DIRECTIONS FOR THIS TASK:
From the entries below, list each line with "Used".

RECORDS FOR PROCESSING:
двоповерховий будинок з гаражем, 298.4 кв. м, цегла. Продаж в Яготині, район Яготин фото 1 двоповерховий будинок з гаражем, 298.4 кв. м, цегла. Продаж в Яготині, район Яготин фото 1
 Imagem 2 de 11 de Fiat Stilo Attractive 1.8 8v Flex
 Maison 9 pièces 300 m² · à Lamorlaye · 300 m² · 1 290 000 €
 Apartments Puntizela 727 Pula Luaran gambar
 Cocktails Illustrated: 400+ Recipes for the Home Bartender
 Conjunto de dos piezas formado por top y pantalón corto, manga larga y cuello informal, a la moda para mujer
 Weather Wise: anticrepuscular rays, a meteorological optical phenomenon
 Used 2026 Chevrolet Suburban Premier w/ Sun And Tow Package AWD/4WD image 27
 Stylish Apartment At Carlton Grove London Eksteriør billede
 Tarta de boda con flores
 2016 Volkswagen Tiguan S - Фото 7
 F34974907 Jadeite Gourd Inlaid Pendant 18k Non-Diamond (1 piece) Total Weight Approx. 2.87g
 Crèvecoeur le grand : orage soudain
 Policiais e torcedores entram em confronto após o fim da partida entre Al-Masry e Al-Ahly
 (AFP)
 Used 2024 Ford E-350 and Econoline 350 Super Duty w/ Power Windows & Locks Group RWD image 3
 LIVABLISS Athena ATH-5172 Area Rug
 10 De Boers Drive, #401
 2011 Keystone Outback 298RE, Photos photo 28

YOUR SOLUTION:
 Used 2026 Chevrolet Suburban Premier w/ Sun And Tow Package AWD/4WD image 27
 Used 2024 Ford E-350 and Econoline 350 Super Duty w/ Power Windows & Locks Group RWD image 3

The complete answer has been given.